- Activity: Print the listing below exactly.
--- START ---
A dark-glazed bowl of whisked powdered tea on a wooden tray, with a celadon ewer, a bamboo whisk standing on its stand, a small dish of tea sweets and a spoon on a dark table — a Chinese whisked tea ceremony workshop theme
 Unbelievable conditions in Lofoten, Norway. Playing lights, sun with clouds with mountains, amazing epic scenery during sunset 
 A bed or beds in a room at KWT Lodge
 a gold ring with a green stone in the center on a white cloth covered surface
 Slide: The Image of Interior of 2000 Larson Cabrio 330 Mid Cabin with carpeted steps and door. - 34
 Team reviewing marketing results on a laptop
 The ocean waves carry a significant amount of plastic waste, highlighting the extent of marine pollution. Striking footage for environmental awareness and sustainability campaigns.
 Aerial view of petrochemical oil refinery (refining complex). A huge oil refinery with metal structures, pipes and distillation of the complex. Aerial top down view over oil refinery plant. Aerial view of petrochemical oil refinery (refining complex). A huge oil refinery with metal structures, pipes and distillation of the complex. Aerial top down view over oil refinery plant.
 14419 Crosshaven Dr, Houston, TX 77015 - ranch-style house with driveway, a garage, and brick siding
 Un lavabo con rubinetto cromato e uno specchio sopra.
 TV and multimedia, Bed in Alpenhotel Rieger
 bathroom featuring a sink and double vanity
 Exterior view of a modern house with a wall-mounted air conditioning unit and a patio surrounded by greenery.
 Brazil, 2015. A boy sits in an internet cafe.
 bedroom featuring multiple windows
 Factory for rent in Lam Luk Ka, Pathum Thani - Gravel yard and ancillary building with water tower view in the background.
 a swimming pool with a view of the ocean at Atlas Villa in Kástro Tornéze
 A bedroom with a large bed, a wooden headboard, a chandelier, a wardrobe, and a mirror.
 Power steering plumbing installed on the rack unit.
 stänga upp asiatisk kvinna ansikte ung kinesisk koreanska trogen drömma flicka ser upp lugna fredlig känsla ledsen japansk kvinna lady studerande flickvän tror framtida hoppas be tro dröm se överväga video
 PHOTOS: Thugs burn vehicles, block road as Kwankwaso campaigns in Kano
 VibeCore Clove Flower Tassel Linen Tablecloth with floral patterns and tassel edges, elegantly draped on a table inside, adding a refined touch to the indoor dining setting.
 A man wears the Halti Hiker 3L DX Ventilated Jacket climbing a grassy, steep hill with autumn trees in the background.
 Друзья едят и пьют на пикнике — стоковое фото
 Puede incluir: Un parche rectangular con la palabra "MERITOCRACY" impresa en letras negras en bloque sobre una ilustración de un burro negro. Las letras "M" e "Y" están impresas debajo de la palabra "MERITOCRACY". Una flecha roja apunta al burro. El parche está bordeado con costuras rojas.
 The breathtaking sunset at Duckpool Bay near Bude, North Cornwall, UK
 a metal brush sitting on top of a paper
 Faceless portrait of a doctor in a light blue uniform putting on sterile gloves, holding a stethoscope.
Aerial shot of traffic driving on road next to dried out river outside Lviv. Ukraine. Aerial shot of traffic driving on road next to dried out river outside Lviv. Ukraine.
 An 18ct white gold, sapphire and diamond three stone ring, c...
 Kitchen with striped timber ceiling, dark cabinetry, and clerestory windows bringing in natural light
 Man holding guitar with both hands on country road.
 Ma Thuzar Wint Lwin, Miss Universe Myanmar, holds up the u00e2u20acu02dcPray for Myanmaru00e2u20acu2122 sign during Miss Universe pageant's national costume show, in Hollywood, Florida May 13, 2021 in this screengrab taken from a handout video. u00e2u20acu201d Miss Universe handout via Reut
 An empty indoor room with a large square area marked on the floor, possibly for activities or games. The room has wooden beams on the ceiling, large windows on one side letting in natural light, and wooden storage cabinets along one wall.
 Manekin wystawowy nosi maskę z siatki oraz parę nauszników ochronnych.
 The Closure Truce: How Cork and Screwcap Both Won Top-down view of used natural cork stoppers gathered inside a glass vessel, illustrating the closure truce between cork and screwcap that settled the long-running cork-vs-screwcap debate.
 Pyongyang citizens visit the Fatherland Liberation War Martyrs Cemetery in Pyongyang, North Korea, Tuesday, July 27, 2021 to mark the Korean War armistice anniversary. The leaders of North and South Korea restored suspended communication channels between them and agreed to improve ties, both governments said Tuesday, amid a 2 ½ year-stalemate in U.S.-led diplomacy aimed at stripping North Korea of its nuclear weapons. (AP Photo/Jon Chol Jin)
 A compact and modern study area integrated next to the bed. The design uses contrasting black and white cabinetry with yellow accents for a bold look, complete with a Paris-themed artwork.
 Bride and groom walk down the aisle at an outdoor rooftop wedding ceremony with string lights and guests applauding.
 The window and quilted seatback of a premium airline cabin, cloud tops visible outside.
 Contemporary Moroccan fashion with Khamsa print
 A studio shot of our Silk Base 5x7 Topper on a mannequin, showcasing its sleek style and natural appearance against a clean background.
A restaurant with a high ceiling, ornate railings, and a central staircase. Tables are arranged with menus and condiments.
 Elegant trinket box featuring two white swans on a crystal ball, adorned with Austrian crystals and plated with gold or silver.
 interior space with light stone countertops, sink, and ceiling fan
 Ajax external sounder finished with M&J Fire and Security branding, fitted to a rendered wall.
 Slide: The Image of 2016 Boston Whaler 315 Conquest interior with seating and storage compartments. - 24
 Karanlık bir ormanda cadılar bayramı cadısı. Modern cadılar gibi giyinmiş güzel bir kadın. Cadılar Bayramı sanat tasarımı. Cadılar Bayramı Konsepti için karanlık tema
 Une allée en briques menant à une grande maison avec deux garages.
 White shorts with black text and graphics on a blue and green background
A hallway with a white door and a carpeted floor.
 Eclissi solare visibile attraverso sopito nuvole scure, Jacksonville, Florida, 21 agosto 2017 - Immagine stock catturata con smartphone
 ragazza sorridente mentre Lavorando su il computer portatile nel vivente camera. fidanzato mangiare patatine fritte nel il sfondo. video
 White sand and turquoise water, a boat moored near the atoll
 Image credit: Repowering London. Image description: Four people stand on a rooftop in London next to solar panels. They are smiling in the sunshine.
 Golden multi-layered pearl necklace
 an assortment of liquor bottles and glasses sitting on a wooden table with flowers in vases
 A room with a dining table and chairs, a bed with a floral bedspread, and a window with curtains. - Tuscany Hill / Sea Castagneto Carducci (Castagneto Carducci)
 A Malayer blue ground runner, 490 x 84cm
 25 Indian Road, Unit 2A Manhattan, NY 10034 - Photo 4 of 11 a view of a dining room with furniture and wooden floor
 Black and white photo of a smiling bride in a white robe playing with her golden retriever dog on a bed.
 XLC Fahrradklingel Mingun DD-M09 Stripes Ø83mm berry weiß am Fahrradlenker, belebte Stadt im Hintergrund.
--- END ---
- Completed task:
A dark-glazed bowl of whisked powdered tea on a wooden tray, with a celadon ewer, a bamboo whisk standing on its stand, a small dish of tea sweets and a spoon on a dark table — a Chinese whisked tea ceremony workshop theme
 Unbelievable conditions in Lofoten, Norway. Playing lights, sun with clouds with mountains, amazing epic scenery during sunset 
 A bed or beds in a room at KWT Lodge
 a gold ring with a green stone in the center on a white cloth covered surface
 Slide: The Image of Interior of 2000 Larson Cabrio 330 Mid Cabin with carpeted steps and door. - 34
 Team reviewing marketing results on a laptop
 The ocean waves carry a significant amount of plastic waste, highlighting the extent of marine pollution. Striking footage for environmental awareness and sustainability campaigns.
 Aerial view of petrochemical oil refinery (refining complex). A huge oil refinery with metal structures, pipes and distillation of the complex. Aerial top down view over oil refinery plant. Aerial view of petrochemical oil refinery (refining complex). A huge oil refinery with metal structures, pipes and distillation of the complex. Aerial top down view over oil refinery plant.
 14419 Crosshaven Dr, Houston, TX 77015 - ranch-style house with driveway, a garage, and brick siding
 Un lavabo con rubinetto cromato e uno specchio sopra.
 TV and multimedia, Bed in Alpenhotel Rieger
 bathroom featuring a sink and double vanity
 Exterior view of a modern house with a wall-mounted air conditioning unit and a patio surrounded by greenery.
 Brazil, 2015. A boy sits in an internet cafe.
 bedroom featuring multiple windows
 Factory for rent in Lam Luk Ka, Pathum Thani - Gravel yard and ancillary building with water tower view in the background.
 a swimming pool with a view of the ocean at Atlas Villa in Kástro Tornéze
 A bedroom with a large bed, a wooden headboard, a chandelier, a wardrobe, and a mirror.
 Power steering plumbing installed on the rack unit.
 stänga upp asiatisk kvinna ansikte ung kinesisk koreanska trogen drömma flicka ser upp lugna fredlig känsla ledsen japansk kvinna lady studerande flickvän tror framtida hoppas be tro dröm se överväga video
 PHOTOS: Thugs burn vehicles, block road as Kwankwaso campaigns in Kano
 VibeCore Clove Flower Tassel Linen Tablecloth with floral patterns and tassel edges, elegantly draped on a table inside, adding a refined touch to the indoor dining setting.
 A man wears the Halti Hiker 3L DX Ventilated Jacket climbing a grassy, steep hill with autumn trees in the background.
 Друзья едят и пьют на пикнике — стоковое фото
 Puede incluir: Un parche rectangular con la palabra "MERITOCRACY" impresa en letras negras en bloque sobre una ilustración de un burro negro. Las letras "M" e "Y" están impresas debajo de la palabra "MERITOCRACY". Una flecha roja apunta al burro. El parche está bordeado con costuras rojas.
 The breathtaking sunset at Duckpool Bay near Bude, North Cornwall, UK
 a metal brush sitting on top of a paper
 Faceless portrait of a doctor in a light blue uniform putting on sterile gloves, holding a stethoscope.
Aerial shot of traffic driving on road next to dried out river outside Lviv. Ukraine. Aerial shot of traffic driving on road next to dried out river outside Lviv. Ukraine.
 An 18ct white gold, sapphire and diamond three stone ring, c...
 Kitchen with striped timber ceiling, dark cabinetry, and clerestory windows bringing in natural light
 Man holding guitar with both hands on country road.
 Ma Thuzar Wint Lwin, Miss Universe Myanmar, holds up the u00e2u20acu02dcPray for Myanmaru00e2u20acu2122 sign during Miss Universe pageant's national costume show, in Hollywood, Florida May 13, 2021 in this screengrab taken from a handout video. u00e2u20acu201d Miss Universe handout via Reut
 An empty indoor room with a large square area marked on the floor, possibly for activities or games. The room has wooden beams on the ceiling, large windows on one side letting in natural light, and wooden storage cabinets along one wall.
 Manekin wystawowy nosi maskę z siatki oraz parę nauszników ochronnych.
 The Closure Truce: How Cork and Screwcap Both Won Top-down view of used natural cork stoppers gathered inside a glass vessel, illustrating the closure truce between cork and screwcap that settled the long-running cork-vs-screwcap debate.
 Pyongyang citizens visit the Fatherland Liberation War Martyrs Cemetery in Pyongyang, North Korea, Tuesday, July 27, 2021 to mark the Korean War armistice anniversary. The leaders of North and South Korea restored suspended communication channels between them and agreed to improve ties, both governments said Tuesday, amid a 2 ½ year-stalemate in U.S.-led diplomacy aimed at stripping North Korea of its nuclear weapons. (AP Photo/Jon Chol Jin)
 A compact and modern study area integrated next to the bed. The design uses contrasting black and white cabinetry with yellow accents for a bold look, complete with a Paris-themed artwork.
 Bride and groom walk down the aisle at an outdoor rooftop wedding ceremony with string lights and guests applauding.
 The window and quilted seatback of a premium airline cabin, cloud tops visible outside.
 Contemporary Moroccan fashion with Khamsa print
 A studio shot of our Silk Base 5x7 Topper on a mannequin, showcasing its sleek style and natural appearance against a clean background.
A restaurant with a high ceiling, ornate railings, and a central staircase. Tables are arranged with menus and condiments.
 Elegant trinket box featuring two white swans on a crystal ball, adorned with Austrian crystals and plated with gold or silver.
 interior space with light stone countertops, sink, and ceiling fan
 Ajax external sounder finished with M&J Fire and Security branding, fitted to a rendered wall.
 Slide: The Image of 2016 Boston Whaler 315 Conquest interior with seating and storage compartments. - 24
 Karanlık bir ormanda cadılar bayramı cadısı. Modern cadılar gibi giyinmiş güzel bir kadın. Cadılar Bayramı sanat tasarımı. Cadılar Bayramı Konsepti için karanlık tema
 Une allée en briques menant à une grande maison avec deux garages.
 White shorts with black text and graphics on a blue and green background
A hallway with a white door and a carpeted floor.
 Eclissi solare visibile attraverso sopito nuvole scure, Jacksonville, Florida, 21 agosto 2017 - Immagine stock catturata con smartphone
 ragazza sorridente mentre Lavorando su il computer portatile nel vivente camera. fidanzato mangiare patatine fritte nel il sfondo. video
 White sand and turquoise water, a boat moored near the atoll
 Image credit: Repowering London. Image description: Four people stand on a rooftop in London next to solar panels. They are smiling in the sunshine.
 Golden multi-layered pearl necklace
 an assortment of liquor bottles and glasses sitting on a wooden table with flowers in vases
 A room with a dining table and chairs, a bed with a floral bedspread, and a window with curtains. - Tuscany Hill / Sea Castagneto Carducci (Castagneto Carducci)
 A Malayer blue ground runner, 490 x 84cm
 25 Indian Road, Unit 2A Manhattan, NY 10034 - Photo 4 of 11 a view of a dining room with furniture and wooden floor
 Black and white photo of a smiling bride in a white robe playing with her golden retriever dog on a bed.
 XLC Fahrradklingel Mingun DD-M09 Stripes Ø83mm berry weiß am Fahrradlenker, belebte Stadt im Hintergrund.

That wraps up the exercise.